» **PROBLEM DESCRIPTION**
Leaving the pictures aside, repeat the entries exactly.

----- PROVIDED MATERIAL

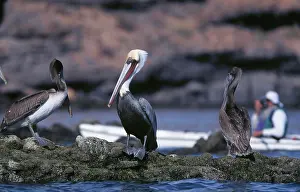 Kayak Prints: Mexico, Baja, Sea of Cortez, Espiritu Santo. Brown Pelican and kayaker. (MR)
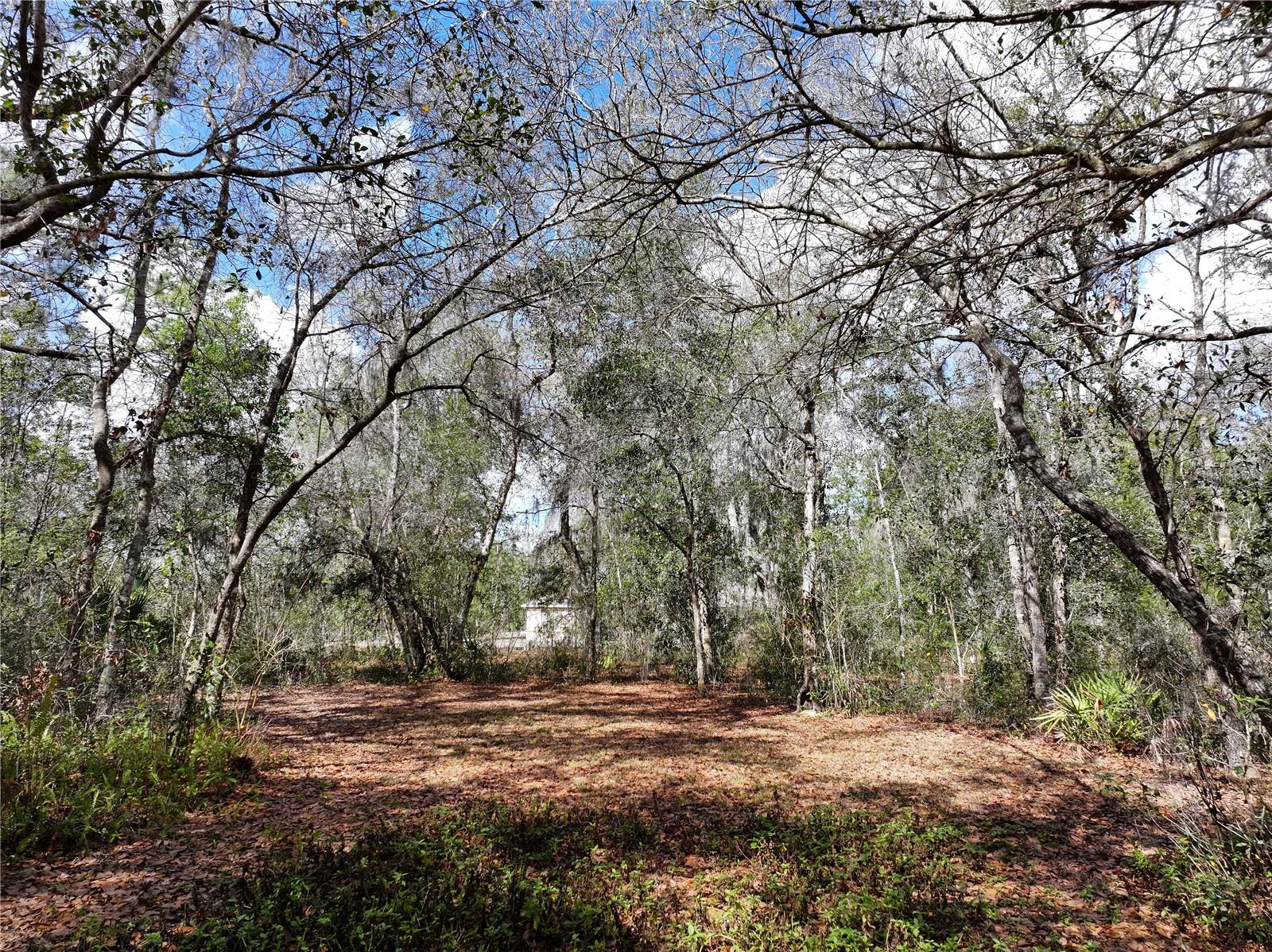 Image 50 of 54 For 23305 June Bug Trail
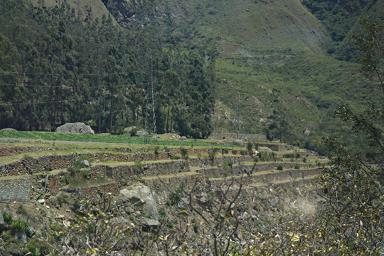 Machu Picchu From Train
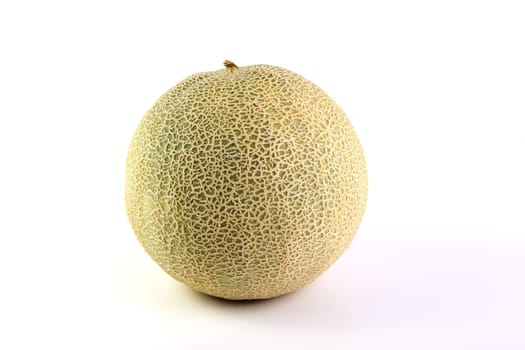 Reticulated melon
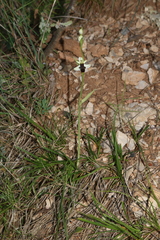 Ophrys philippei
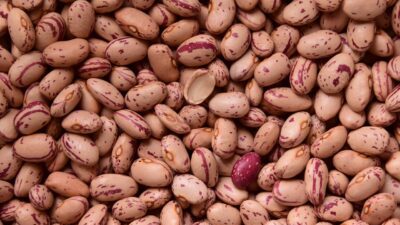 beans, quail beans, legumes-1756589.jpg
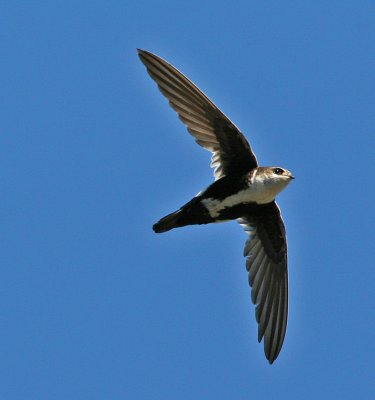 White-throated Swift (Aeronautes saxatalis) - brokseglare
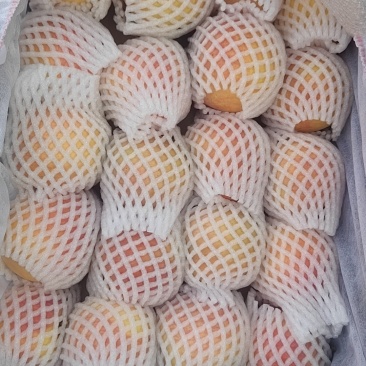 新疆阿克苏苹果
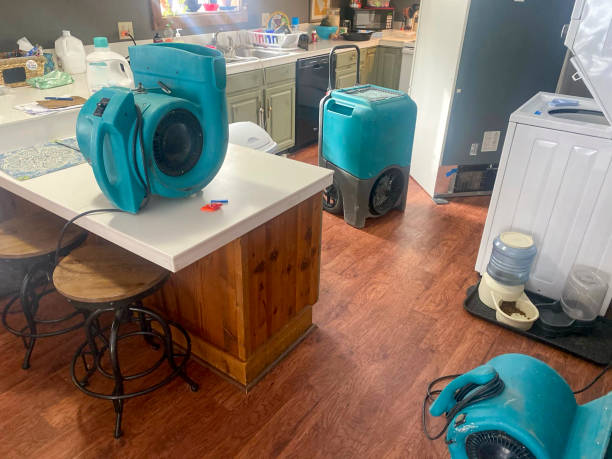 Best Water damage contractors near me  in Fair Haven, NY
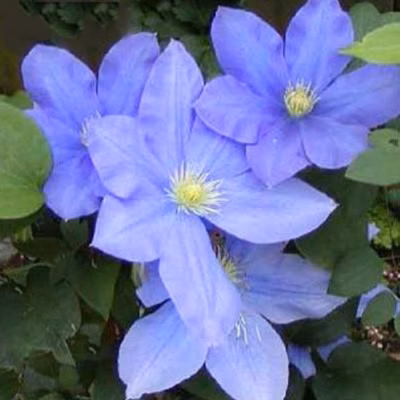 2 x Clématite &lsquo;H.F. Young&rsquo; – Clematis &lsquo;Hf Young&rsquo;  – 50-60 cm pot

----------

» **FINAL ANSWER**
 Kayak Prints: Mexico, Baja, Sea of Cortez, Espiritu Santo. Brown Pelican and kayaker. (MR)
 Image 50 of 54 For 23305 June Bug Trail
 Machu Picchu From Train
 Reticulated melon
 Ophrys philippei
 beans, quail beans, legumes-1756589.jpg
 White-throated Swift (Aeronautes saxatalis) - brokseglare
 新疆阿克苏苹果
 Best Water damage contractors near me  in Fair Haven, NY
 2 x Clématite &lsquo;H.F. Young&rsquo; – Clematis &lsquo;Hf Young&rsquo;  – 50-60 cm pot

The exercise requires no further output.